Ah, if you add the childs you will see each one do: 3992 lseek(0, -8, SEEK_CUR) = 4 for some reason...
It's something in glibc doing it when __libc_freeres is run as the child exits. If you add ----run-libc-freeres=no to the valgrind options then it doesn't happen.
I think the problem is that __libc_freeres calls (among many other things) the _IO_unbuffer_write to free the buffers for stdio streams. That "unbuffers" each file by calling _IO_SETBUF (fp, NULL, 0) to drop the buffer, but that (which is just the internal implementation of setbuf/setvbuf) rewinds the stream over any data which has been read into the buffer but not yet consumed. Of course when the buffer is shared between multiple processes the question of what has been consumed is something of an open one...

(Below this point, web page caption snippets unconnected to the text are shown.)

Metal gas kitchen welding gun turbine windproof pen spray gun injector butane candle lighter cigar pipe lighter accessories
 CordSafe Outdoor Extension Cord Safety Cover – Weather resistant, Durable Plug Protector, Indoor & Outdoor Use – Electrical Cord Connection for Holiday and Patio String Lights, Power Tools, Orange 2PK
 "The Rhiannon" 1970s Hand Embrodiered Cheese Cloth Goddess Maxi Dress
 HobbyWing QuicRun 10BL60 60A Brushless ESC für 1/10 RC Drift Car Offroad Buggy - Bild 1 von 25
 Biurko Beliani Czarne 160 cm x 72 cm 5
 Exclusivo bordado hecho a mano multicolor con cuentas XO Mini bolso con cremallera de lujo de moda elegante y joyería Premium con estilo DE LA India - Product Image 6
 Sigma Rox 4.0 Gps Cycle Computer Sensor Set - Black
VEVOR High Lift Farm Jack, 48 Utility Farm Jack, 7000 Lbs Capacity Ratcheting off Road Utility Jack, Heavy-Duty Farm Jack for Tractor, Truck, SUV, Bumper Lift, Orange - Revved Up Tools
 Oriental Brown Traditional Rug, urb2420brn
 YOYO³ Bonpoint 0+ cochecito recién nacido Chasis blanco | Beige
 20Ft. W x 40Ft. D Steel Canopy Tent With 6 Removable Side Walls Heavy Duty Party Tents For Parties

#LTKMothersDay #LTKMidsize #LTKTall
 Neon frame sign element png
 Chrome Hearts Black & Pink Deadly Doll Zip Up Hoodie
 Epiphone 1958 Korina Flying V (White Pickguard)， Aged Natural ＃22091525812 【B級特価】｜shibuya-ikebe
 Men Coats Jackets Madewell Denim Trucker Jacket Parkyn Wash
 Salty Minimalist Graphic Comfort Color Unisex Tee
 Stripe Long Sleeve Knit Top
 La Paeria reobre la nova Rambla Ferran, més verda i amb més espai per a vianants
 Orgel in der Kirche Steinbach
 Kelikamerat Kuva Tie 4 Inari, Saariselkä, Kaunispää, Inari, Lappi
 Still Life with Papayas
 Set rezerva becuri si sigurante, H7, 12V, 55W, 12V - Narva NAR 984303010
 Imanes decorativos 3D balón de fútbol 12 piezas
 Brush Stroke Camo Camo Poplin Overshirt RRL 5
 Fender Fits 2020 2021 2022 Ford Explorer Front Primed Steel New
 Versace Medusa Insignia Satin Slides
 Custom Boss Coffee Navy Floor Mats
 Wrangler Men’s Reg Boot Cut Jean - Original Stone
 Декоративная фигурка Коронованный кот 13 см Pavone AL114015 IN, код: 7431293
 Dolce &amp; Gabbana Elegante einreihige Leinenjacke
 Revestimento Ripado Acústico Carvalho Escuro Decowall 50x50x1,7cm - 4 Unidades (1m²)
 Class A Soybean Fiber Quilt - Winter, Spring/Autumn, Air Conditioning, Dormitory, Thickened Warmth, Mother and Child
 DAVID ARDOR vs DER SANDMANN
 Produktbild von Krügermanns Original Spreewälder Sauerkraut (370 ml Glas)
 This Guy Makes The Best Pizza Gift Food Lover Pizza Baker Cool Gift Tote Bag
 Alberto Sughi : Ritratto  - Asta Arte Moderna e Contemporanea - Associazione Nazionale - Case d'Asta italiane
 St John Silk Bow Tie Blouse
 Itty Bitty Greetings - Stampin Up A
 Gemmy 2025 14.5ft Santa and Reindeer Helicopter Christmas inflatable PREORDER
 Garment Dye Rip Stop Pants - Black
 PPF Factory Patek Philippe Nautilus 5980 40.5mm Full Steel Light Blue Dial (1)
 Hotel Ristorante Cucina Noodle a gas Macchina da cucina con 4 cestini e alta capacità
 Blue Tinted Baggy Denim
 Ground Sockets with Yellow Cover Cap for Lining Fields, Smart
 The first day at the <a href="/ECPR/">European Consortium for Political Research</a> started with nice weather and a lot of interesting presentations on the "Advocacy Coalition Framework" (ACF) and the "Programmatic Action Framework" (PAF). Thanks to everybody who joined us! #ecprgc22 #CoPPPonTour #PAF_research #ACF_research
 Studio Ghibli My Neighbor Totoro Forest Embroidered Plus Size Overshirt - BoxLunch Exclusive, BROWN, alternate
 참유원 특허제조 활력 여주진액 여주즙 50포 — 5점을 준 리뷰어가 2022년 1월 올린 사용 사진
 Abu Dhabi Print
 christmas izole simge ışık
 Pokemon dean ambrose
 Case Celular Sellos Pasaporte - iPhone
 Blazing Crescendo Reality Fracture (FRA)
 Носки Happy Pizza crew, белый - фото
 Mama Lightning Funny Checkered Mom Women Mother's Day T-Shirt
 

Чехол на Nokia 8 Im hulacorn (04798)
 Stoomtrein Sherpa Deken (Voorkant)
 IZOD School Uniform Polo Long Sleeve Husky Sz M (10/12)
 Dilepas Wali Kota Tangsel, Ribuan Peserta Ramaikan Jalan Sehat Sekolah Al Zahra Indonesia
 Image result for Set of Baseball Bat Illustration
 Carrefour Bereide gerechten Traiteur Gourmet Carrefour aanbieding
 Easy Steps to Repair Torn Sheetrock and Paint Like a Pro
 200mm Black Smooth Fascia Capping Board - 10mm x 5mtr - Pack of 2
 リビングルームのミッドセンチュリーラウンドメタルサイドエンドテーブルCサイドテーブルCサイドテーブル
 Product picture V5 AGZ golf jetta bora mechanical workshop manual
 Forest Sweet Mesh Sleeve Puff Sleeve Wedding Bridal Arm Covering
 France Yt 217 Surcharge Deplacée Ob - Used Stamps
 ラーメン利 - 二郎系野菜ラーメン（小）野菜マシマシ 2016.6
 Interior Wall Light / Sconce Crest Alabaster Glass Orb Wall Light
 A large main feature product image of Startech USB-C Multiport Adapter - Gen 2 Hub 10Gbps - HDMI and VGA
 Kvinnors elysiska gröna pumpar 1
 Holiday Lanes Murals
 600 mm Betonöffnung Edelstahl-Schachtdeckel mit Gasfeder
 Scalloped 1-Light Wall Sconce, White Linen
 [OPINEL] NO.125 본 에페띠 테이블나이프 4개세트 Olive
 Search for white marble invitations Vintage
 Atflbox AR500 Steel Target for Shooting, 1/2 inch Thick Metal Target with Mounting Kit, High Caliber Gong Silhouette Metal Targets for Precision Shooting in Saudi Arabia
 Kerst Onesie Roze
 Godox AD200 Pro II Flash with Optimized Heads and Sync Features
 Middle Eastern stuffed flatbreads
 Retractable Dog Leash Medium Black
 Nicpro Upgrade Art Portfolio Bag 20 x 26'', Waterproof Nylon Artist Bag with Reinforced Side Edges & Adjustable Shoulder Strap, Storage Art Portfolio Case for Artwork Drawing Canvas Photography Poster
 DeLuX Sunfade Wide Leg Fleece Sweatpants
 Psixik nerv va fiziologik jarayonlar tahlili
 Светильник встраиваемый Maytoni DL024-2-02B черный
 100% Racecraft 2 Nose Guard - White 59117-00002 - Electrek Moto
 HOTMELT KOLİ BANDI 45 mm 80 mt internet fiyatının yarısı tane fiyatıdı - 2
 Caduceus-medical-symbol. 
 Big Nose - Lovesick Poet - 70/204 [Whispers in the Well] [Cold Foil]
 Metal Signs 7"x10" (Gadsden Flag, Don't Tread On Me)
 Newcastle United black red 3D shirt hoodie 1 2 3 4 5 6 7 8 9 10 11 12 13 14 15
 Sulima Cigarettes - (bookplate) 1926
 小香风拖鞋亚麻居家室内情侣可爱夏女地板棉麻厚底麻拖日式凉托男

Of course the buffer isn't really shared (this is fork, not threads...) but the file position is.
(In reply to Tom Hughes from comment #6) > It's something in glibc doing it when __libc_freeres is run as the child > exits. > > If you add ----run-libc-freeres=no to the valgrind options then it doesn't > happen. The child calls _exit on every return path, so surely no libc functions should be called?
The call to __libc_freeres is not normally made at all - it is forced by valgrind (unless you use that switch) so that people won't moan about "still reachable" blocks of memory in the leak report due to glibc still having stuff allocated.
See http://valgrind.org/docs/manual/faq.html#faq.exit_errors for more information.
Maybe --child-silent-after-fork=yes should imply ----run-libc-freeres=no for the fork? As I understand correctly the output sink is set to -1 for the fork already, so there cannot be any output. So running __libc_freeres is not very useful anyway (and we wouldn't do that if the forked child would call exec in the first place).
I'm pretty sure that it's a bug in glibc that should be fixed anyway - you're only supposed to call __libc_freeres when the process is exiting and in that case there shouldn't be any need to rewind any descriptor if you discard the buffer. Of course there's an interesting issue here in that I suspect forking and calling setvbuf() on a channel in the fork will have much the same effect on the parent that you are sharing the descriptor with...
Tom, could you please describe that bug in glibc in more detail? We can go to glibc folks and eventually have this fixed.